* About this exercise
Omitting any pictures, transcribe the entries below exactly.

* Saved entries
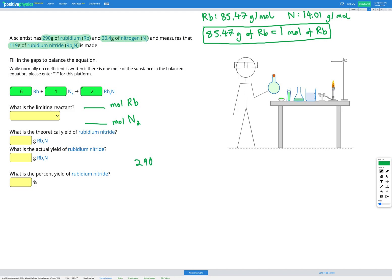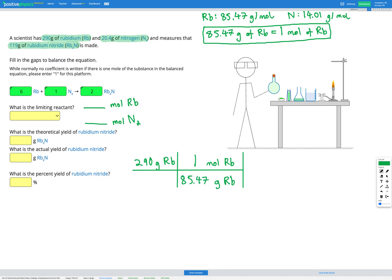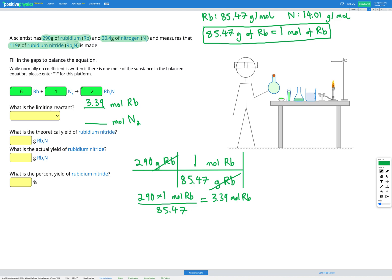Since rubidium doesn't have anything else in its formula, it's just Rb, so the molar mass of rubidium is 85.47 grams per mole. That means 85.47 grams of rubidium equals 1 mole of rubidium — that's our conversion factor. So we've got 290 grams of rubidium. Using dimensional analysis: 290 × (1 mol / 85.47) = 3.39 moles of rubidium. That's how many moles of rubidium we have in our reactants to start with.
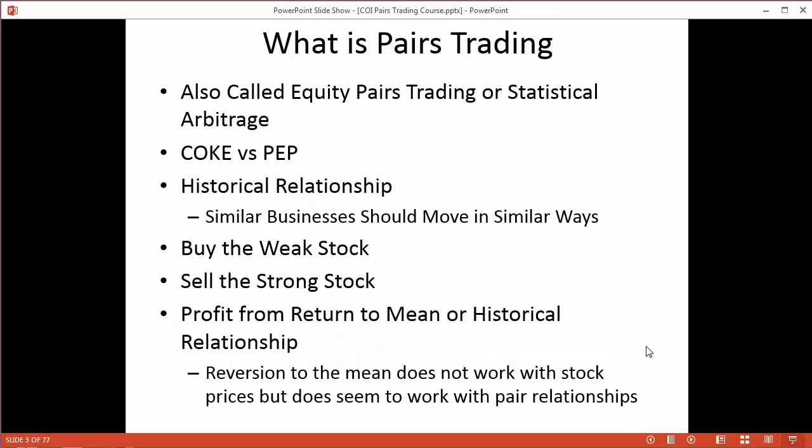What is pairs trading? It's also called equity pairs trading or statistical arbitrage. The idea is that we buy and sell two very similar stocks — companies that may have a historical relationship of some kind. The examples people use frequently are Coke and Pepsi. They pretty much sell the same stuff and should be related. Similar businesses should move in similar ways. However, sometimes you may think two businesses are similar but their stocks don't trade similarly. So we need to parse through all the possible combinations of stocks to find ones that have a fundamental relationship and also a mathematical correlation of some kind.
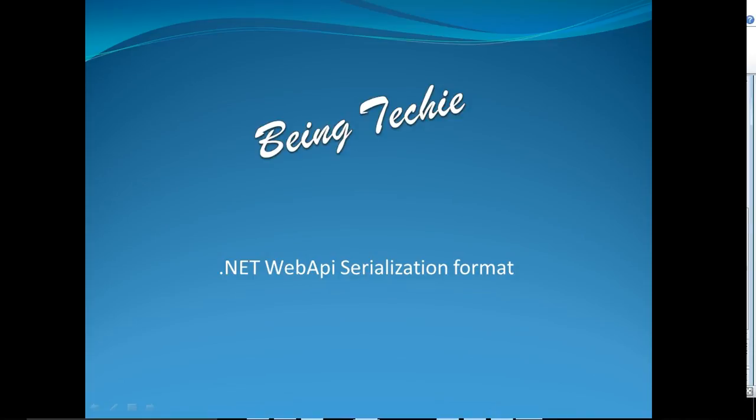Today I'm going to explain default serialization format in .NET Web API. We often see different formats being produced when we hit an endpoint using a browser. For example, in Chrome, usually we see XML by default, and in Internet Explorer it is in JSON.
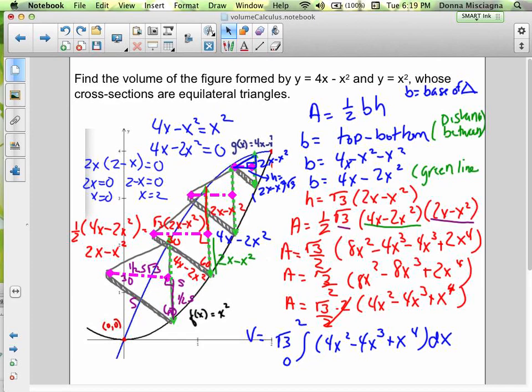So s is defined in terms of our function, and if we take half of that value and multiply by the square root of 3, we get the altitude. The blue graph is the parabola 4x minus x², and the black curve is y equals x². To find the interval of integration, set them equal: 4x minus x² equals x² gives 4x minus 2x² equals zero. Factor out 2x to get x equals 0 and x equals 2.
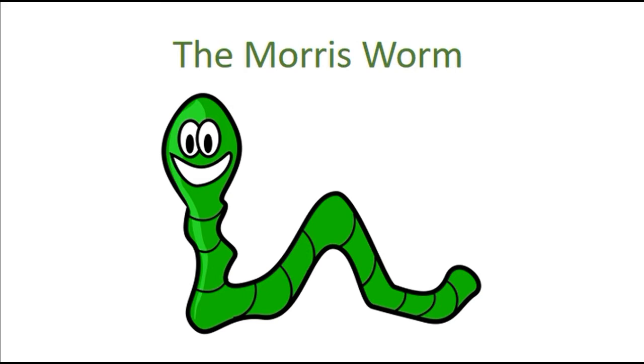The Morris worm was a great tragedy, but hopefully it will never occur again in our modern time.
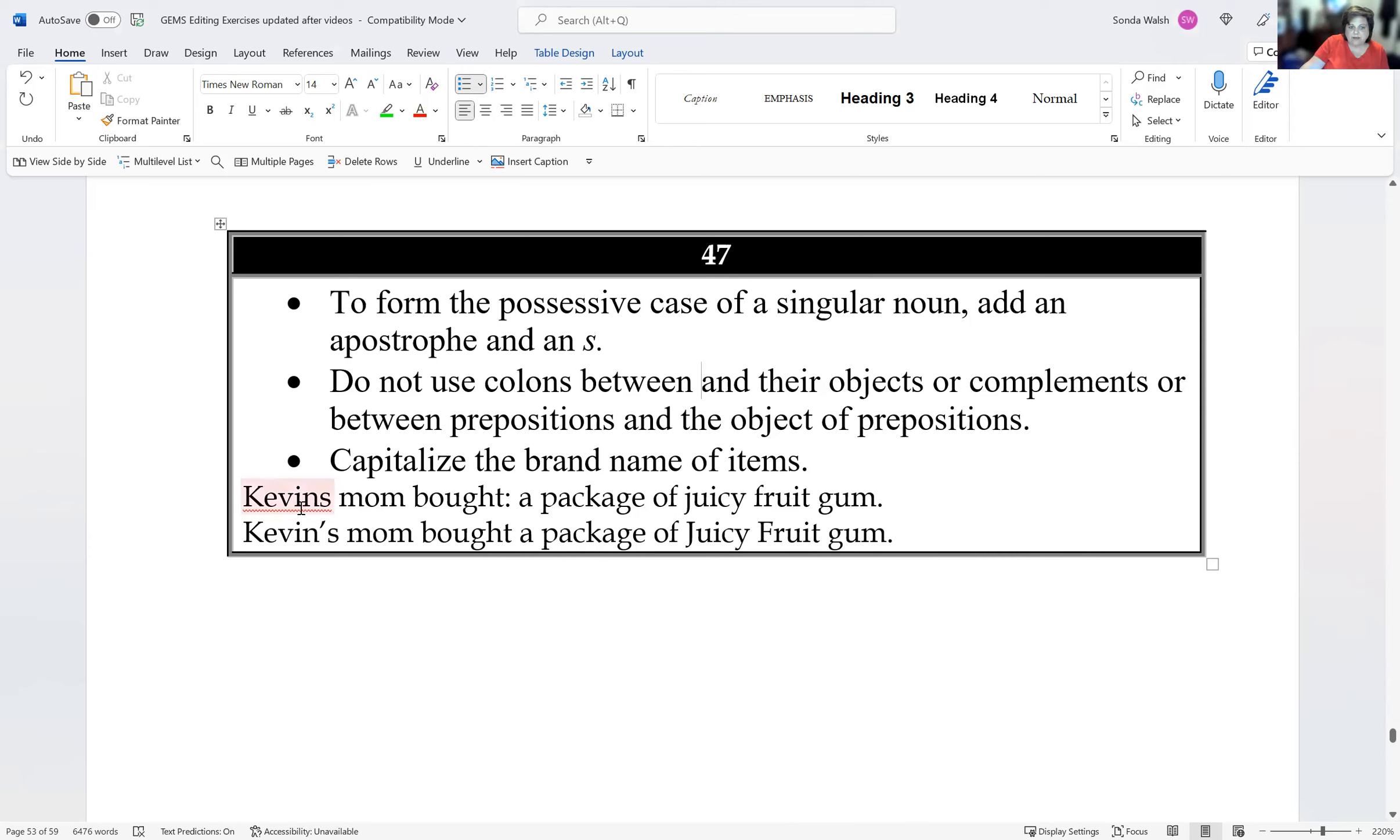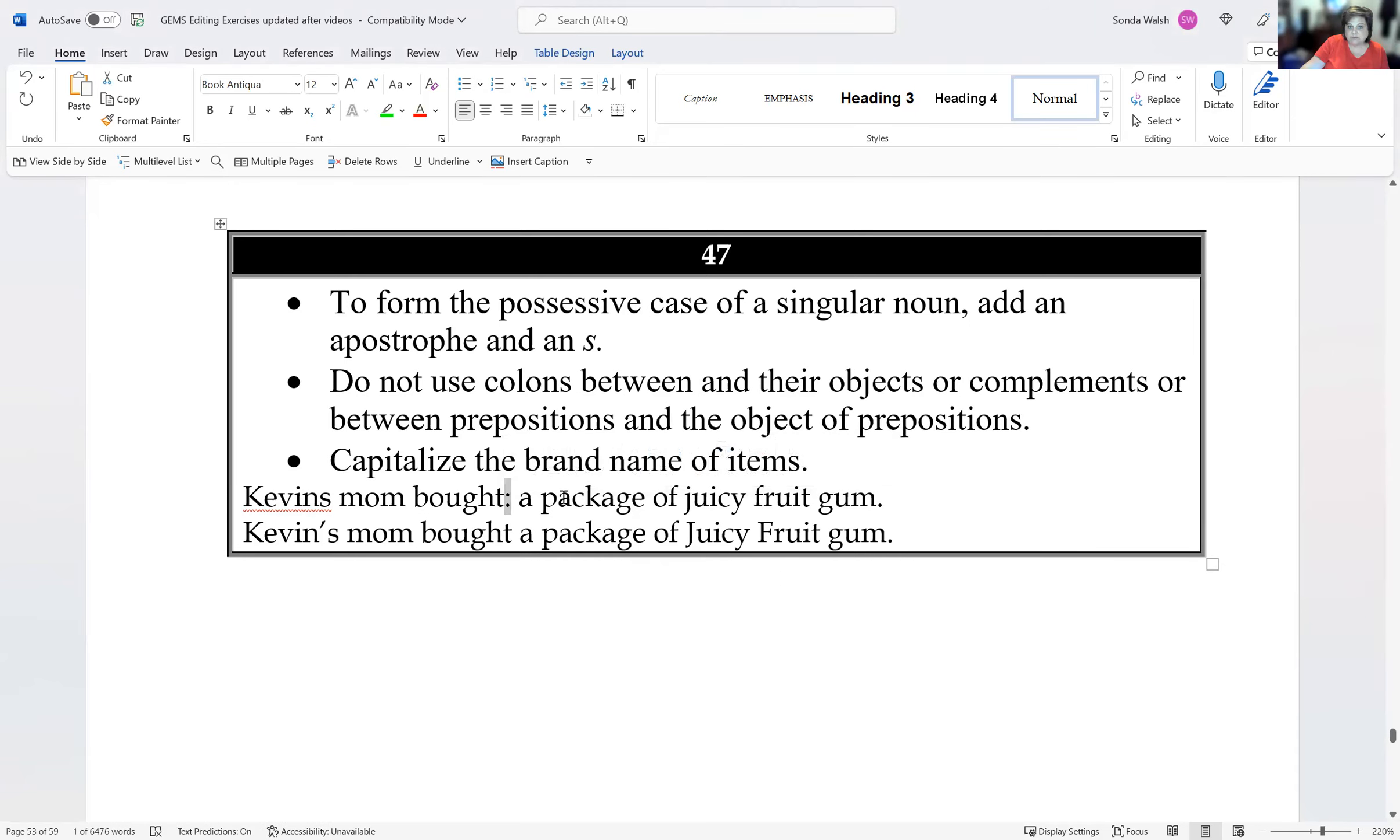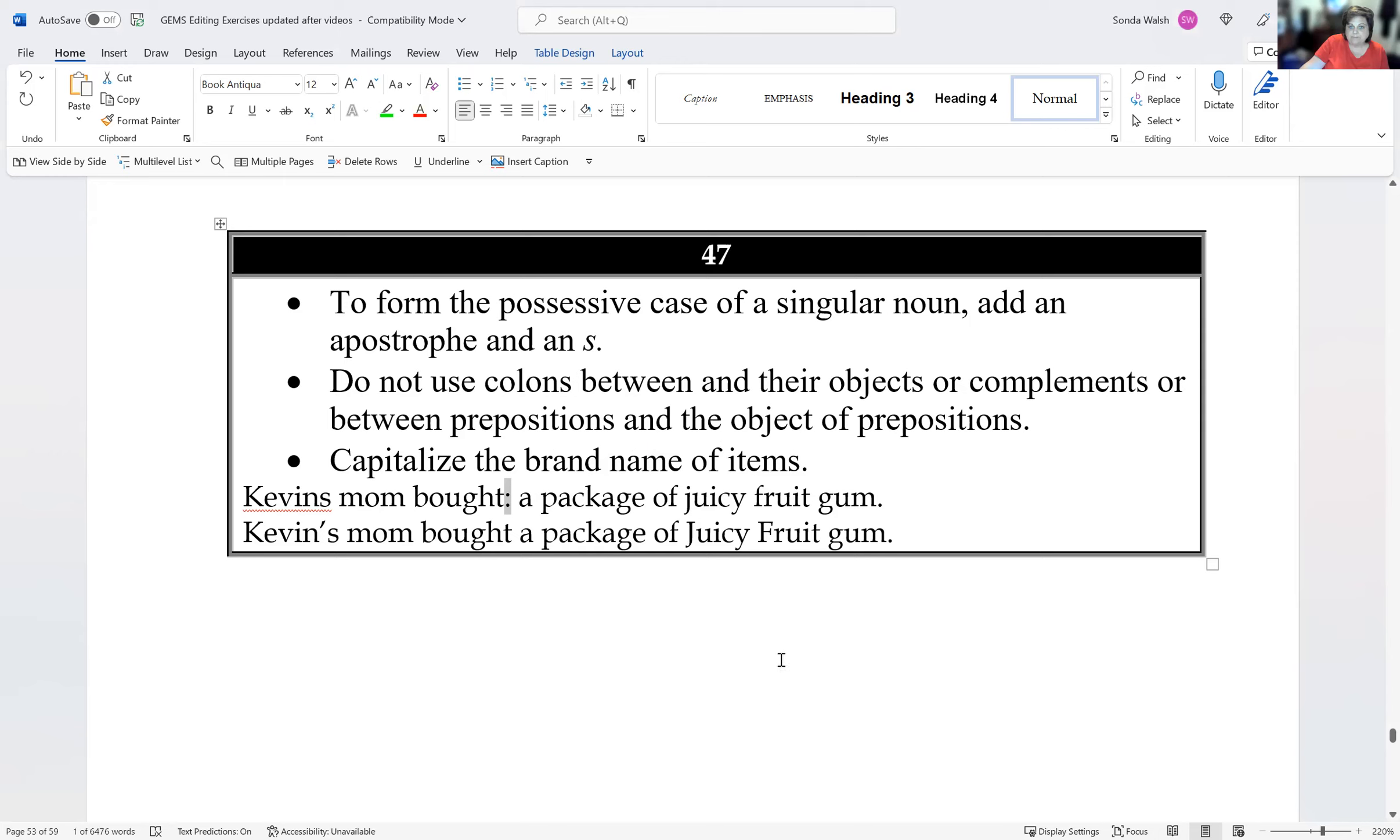So here we have Kevin's mom bought a package of juicy fruit gum. We have a colon right here after bought. There's only one item in the series, so we do not need a colon. We need to add an apostrophe to Kevin's name to show possession, that it's his mother who bought a package of juicy fruit gum, and we need to capitalize Juicy Fruit because it is the brand name.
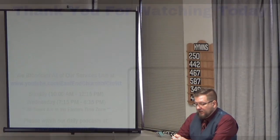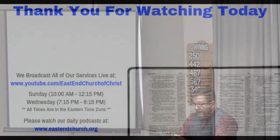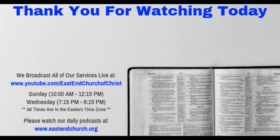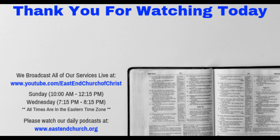I'm not ashamed to own my Lord, nor to defend his cause. Maintain the honors of his word, the glory of his cross.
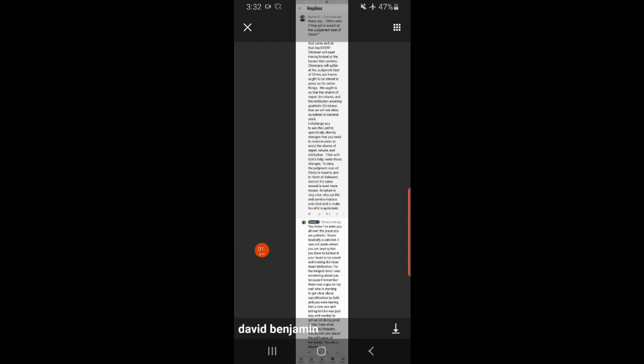Brother Dave is an evangelist. He goes out and preaches the gospel and he thinks he's really accumulating a lot of rewards. He thinks he is the model of how we're supposed to be, and of course he's going to win a lot of rewards. He feels like he needs to tell everybody how obedient they need to be.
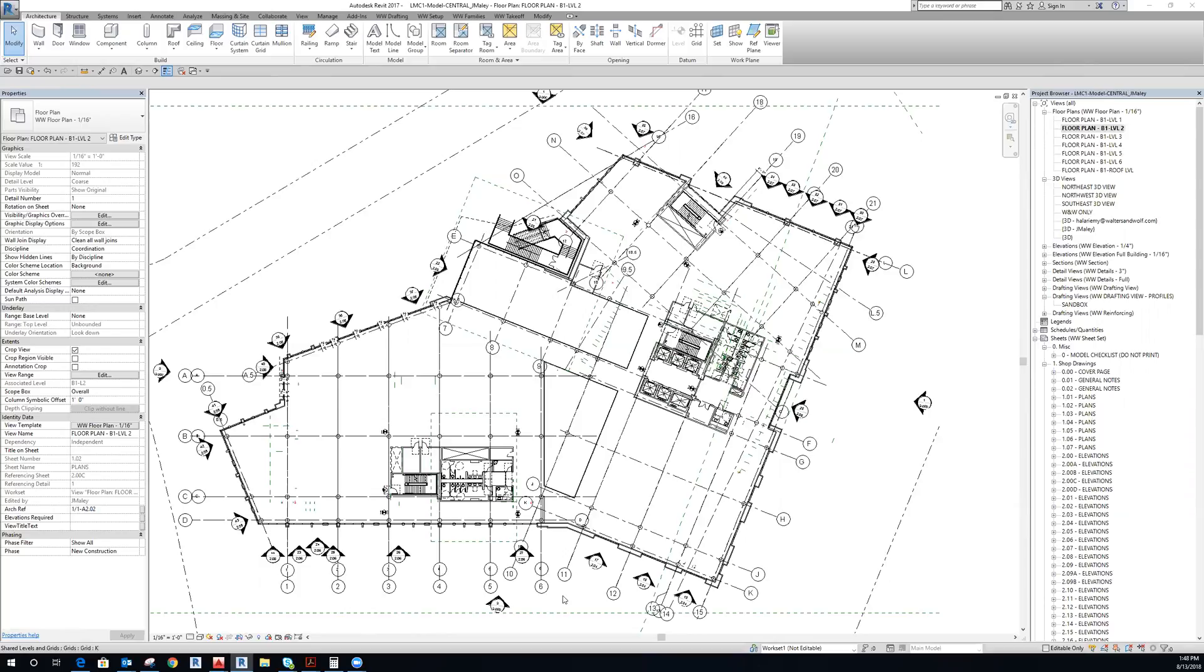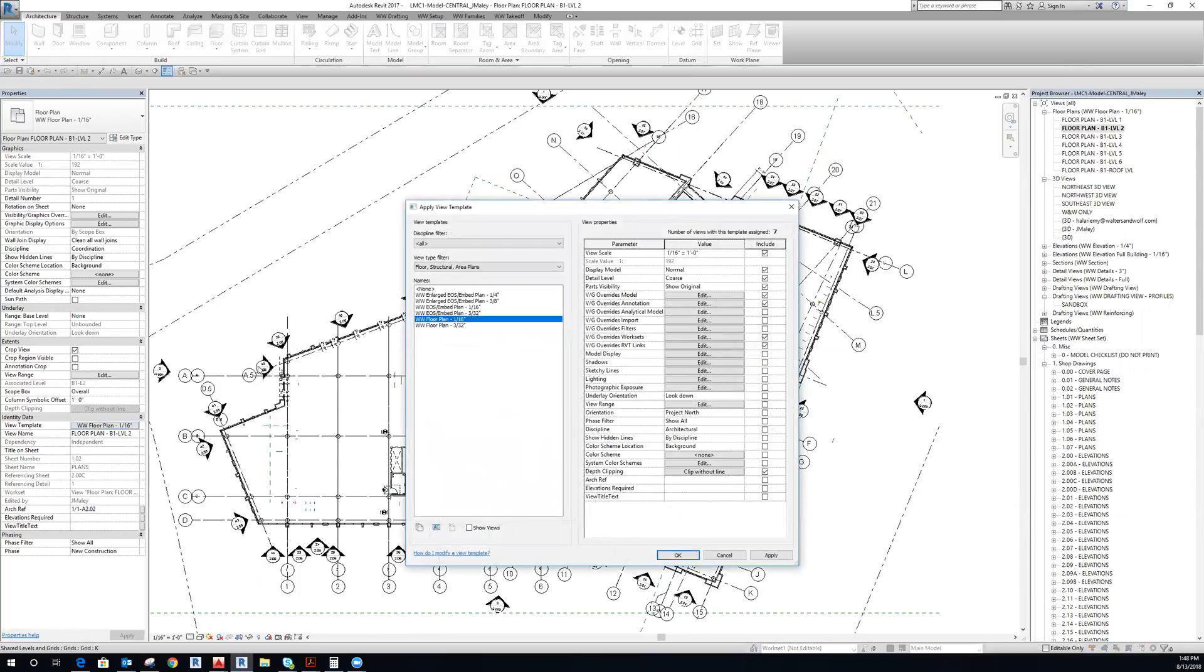And so the way to hide that while keeping the other elements is to use view templates. So if I go to my view template over here, go down to VG overrides RVT links, I have to make sure that's checked to say include.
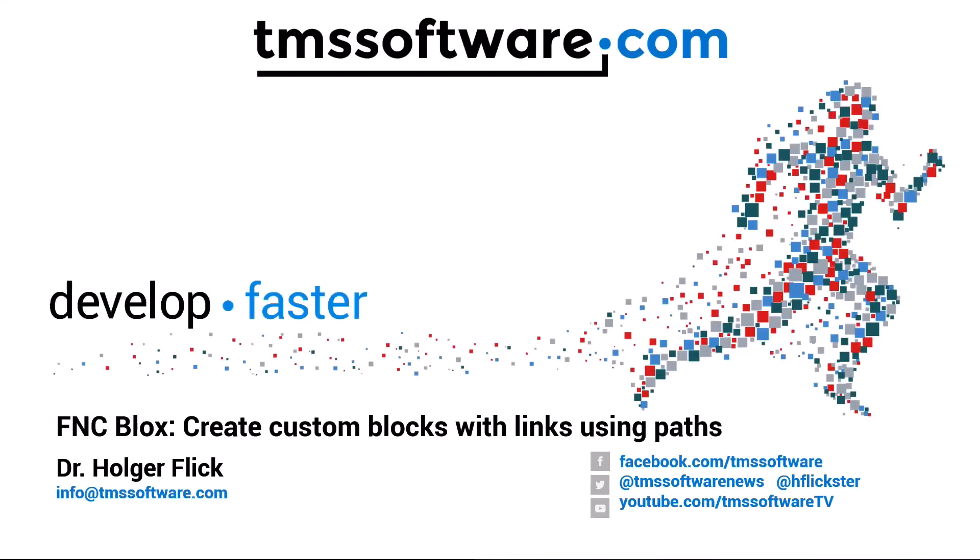Creating your own custom blocks for FNC blocks has never been easier. You can now create custom paths with links to create your own blocks.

* Solution to this exercise
Since rubidium doesn't have anything else in its formula, it's just Rb, so the molar mass of rubidium is 85.47 grams per mole. That means 85.47 grams of rubidium equals 1 mole of rubidium — that's our conversion factor. So we've got 290 grams of rubidium. Using dimensional analysis: 290 × (1 mol / 85.47) = 3.39 moles of rubidium. That's how many moles of rubidium we have in our reactants to start with.
What is pairs trading? It's also called equity pairs trading or statistical arbitrage. The idea is that we buy and sell two very similar stocks — companies that may have a historical relationship of some kind. The examples people use frequently are Coke and Pepsi. They pretty much sell the same stuff and should be related. Similar businesses should move in similar ways. However, sometimes you may think two businesses are similar but their stocks don't trade similarly. So we need to parse through all the possible combinations of stocks to find ones that have a fundamental relationship and also a mathematical correlation of some kind.
Today I'm going to explain default serialization format in .NET Web API. We often see different formats being produced when we hit an endpoint using a browser. For example, in Chrome, usually we see XML by default, and in Internet Explorer it is in JSON.
So s is defined in terms of our function, and if we take half of that value and multiply by the square root of 3, we get the altitude. The blue graph is the parabola 4x minus x², and the black curve is y equals x². To find the interval of integration, set them equal: 4x minus x² equals x² gives 4x minus 2x² equals zero. Factor out 2x to get x equals 0 and x equals 2.
The Morris worm was a great tragedy, but hopefully it will never occur again in our modern time.
So here we have Kevin's mom bought a package of juicy fruit gum. We have a colon right here after bought. There's only one item in the series, so we do not need a colon. We need to add an apostrophe to Kevin's name to show possession, that it's his mother who bought a package of juicy fruit gum, and we need to capitalize Juicy Fruit because it is the brand name.
I'm not ashamed to own my Lord, nor to defend his cause. Maintain the honors of his word, the glory of his cross.
Brother Dave is an evangelist. He goes out and preaches the gospel and he thinks he's really accumulating a lot of rewards. He thinks he is the model of how we're supposed to be, and of course he's going to win a lot of rewards. He feels like he needs to tell everybody how obedient they need to be.
And so the way to hide that while keeping the other elements is to use view templates. So if I go to my view template over here, go down to VG overrides RVT links, I have to make sure that's checked to say include.
Creating your own custom blocks for FNC blocks has never been easier. You can now create custom paths with links to create your own blocks.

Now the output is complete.